By Ray Bernard, PSP, CHS-III


Why RAID drive arrays don’t work anymore for video storage, and why Erasure Coding does.

  • This is another article where much of what I’m saying is already known to storage-savvy IT folks, except perhaps for the historical hard drive price information. This is a very technical subject, so I’m going to address it at a high level where it’s easily understandable and provide links to deep-dive technical references for the technical readers that need or want that level of data, using a few references that are well-written, easy to follow and complete. (Not all links are technical; the inflation calculator is not.)

    RAID worked very well in a practical and financial sense when inexpensive hard drive capacities were small, and the cost was much higher for the largest capacity drives, which is where the RAID acronym originally came from: Redundant Array of Inexpensive Disks. Nowadays, we often see “Independent Disks” used to expand the RAID acronym, partly because the price for hard drives has dropped so significantly.

    Let’s check the cost and size of hard drives around 1980, compared to today.
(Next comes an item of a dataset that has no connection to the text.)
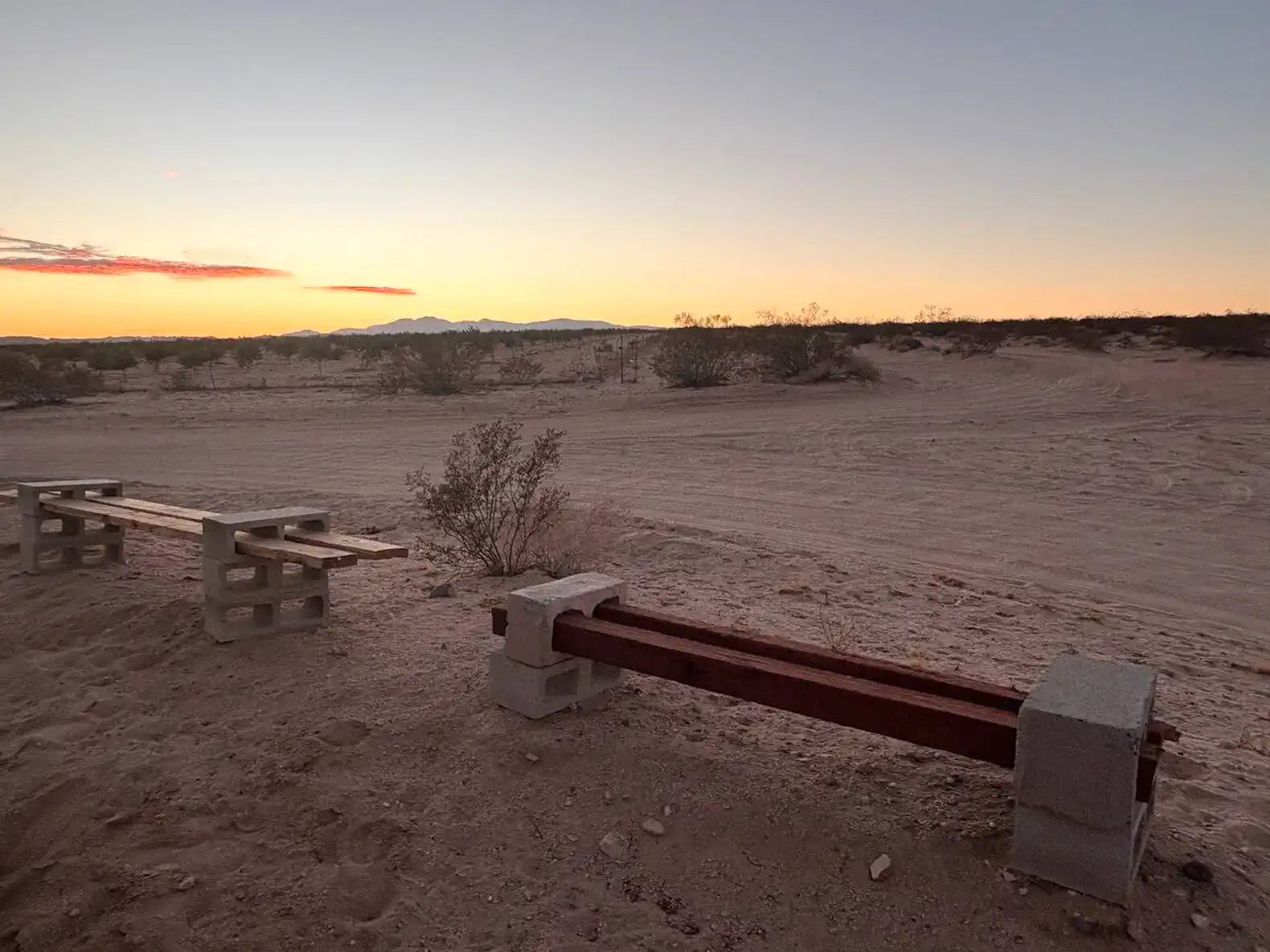 Desert landscape with benches and a sunset view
That’s when IBM introduced the first gigabyte hard drive. It was the size of a refrigerator, weighed about 550 pounds, and cost $40,000. Three years later, Seagate introduced the first 5.25-inch hard disk, with a capacity of 5 megabytes, intended for personal computer use.
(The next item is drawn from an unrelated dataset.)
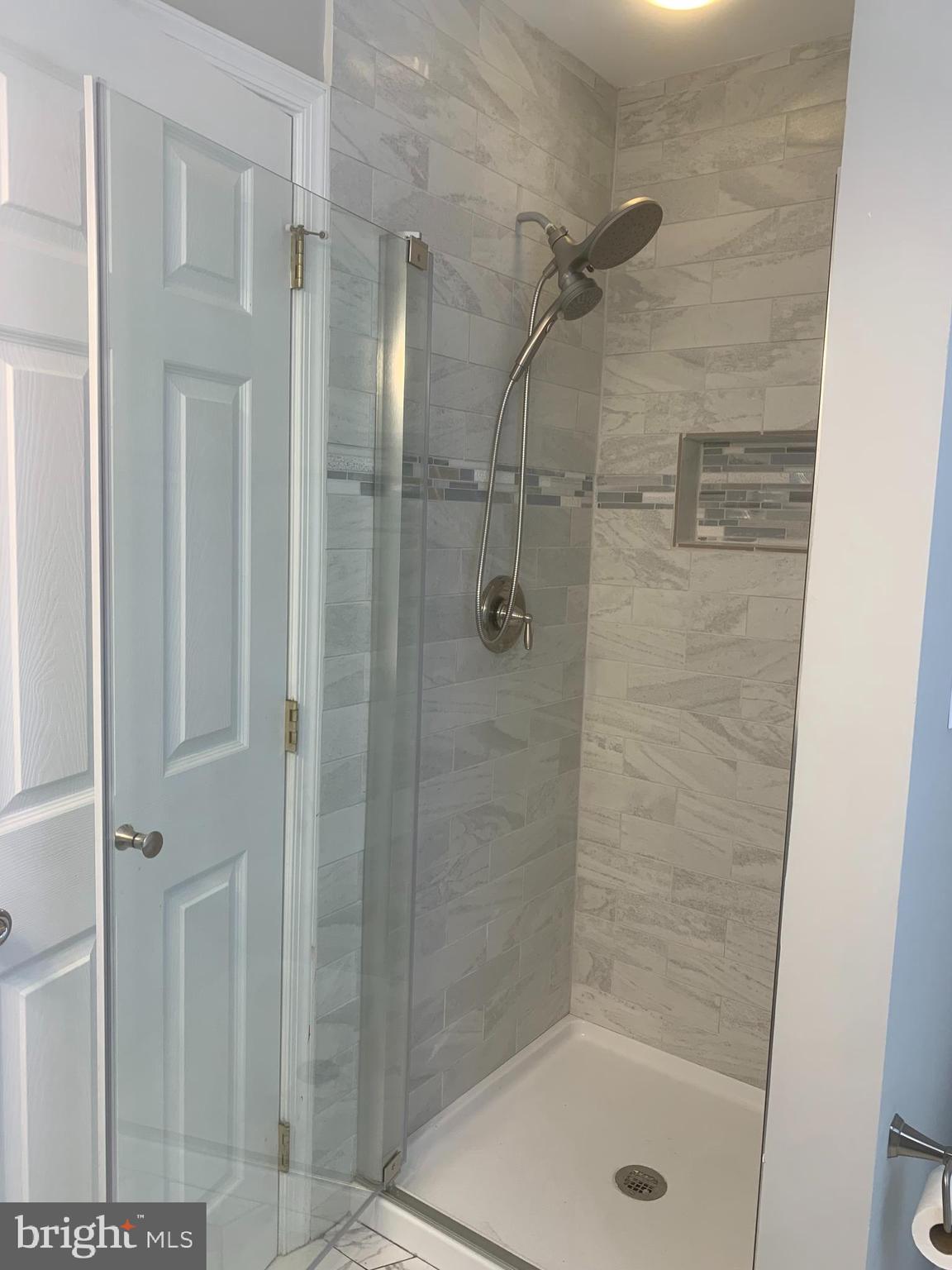 2143 Brackenville Road Hockessin, DE 19707 - Photo 17 of 26 a bathroom with a shower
    The Seagate drive was $1,500 ($4,603 in today’s dollars per the Consumer Price Index Inflation Calculator), which is $300 per MB in 1980 dollars. Today, a Seagate 10-terabyte 5.25-inch drive is $300 at Best Buy, which is $0.00003 (3 thousandths of a penny) per MB. Nowadays ALL hard drives are amazingly inexpensive compared to earlier generations of disk drives, so RAID was renamed Redundant Array of “Independent” Disks.

    RAID was incredibly important in the 1980s and 1990s, as hard drive failures were common. To keep data safe meant duplicating your data across two or three different drives, which meant in 1983 that keeping 5MB of data triple-safe would cost $4,500 in 1980 dollars. Of course, today we copy 5MB of data onto a 16 GB USB memory stick that cost $4.99 at Best Buy. What a difference.

    However, today we’re looking beyond megabytes when dealing with enterprise video data storage requirements, which are now measured in petabytes, not gigabytes or terabytes, and that’s why RAID can’t be our data savior anymore.

    The Problem with RAID

    The main problem with RAID for large capacity disk drives is rebuild time. The time to rebuild the disk array for a single disk loss under RAID 5 (tolerates a 1-disk loss) or RAID 6 (tolerates a 2-disk loss) for an array of 10-terabyte drives is measured in weeks, not hours. During that time, storage write performance is significantly degraded.

    That means that during the rebuild period, a VMS’s RAID disk storage system can’t handle all the data that the VMS must write to it. For an excellent presentation of the redundancy and performance aspects of RAID disk arrays, see the RAID Performance Considerations by Mirazon,  a premiere information technology services provider.

    JBOD and Entry-Level NVRs

    The other problem with RAID is that during the rebuild a RAID array is highly vulnerable. Lose another disk under RAID 5, or two more disks under RAID 6,  and ALL DATA in the RAID array is irrecoverable.

    Thus, most entry-level NVRs use JBOD storage (just a bunch of disks) without RAID. That way when they lose a single drive, they lose only that drive, not all the other data. Since for most security video systems recordings are retained for only 30 or 45 days, some customers would rather replace drives every two years and accept the risk of losing 30 days of some data if a drive fails. That way, due to drive capacity increasing and costs dropping, every two years they can affordably increase the storage.

    Many NVRs are not kept in temperature-controlled environments, and with disk prices what they are today, it’s affordable to swap out the NVR drives every year. That’s the about the same cost as a mirrored RAID array (not counting technician service time) but with low probability of loss and a yearly increase in capacity. One advantage of JBOD storage is that it doesn’t require a high level of IT expertise for configuration or drive replacement.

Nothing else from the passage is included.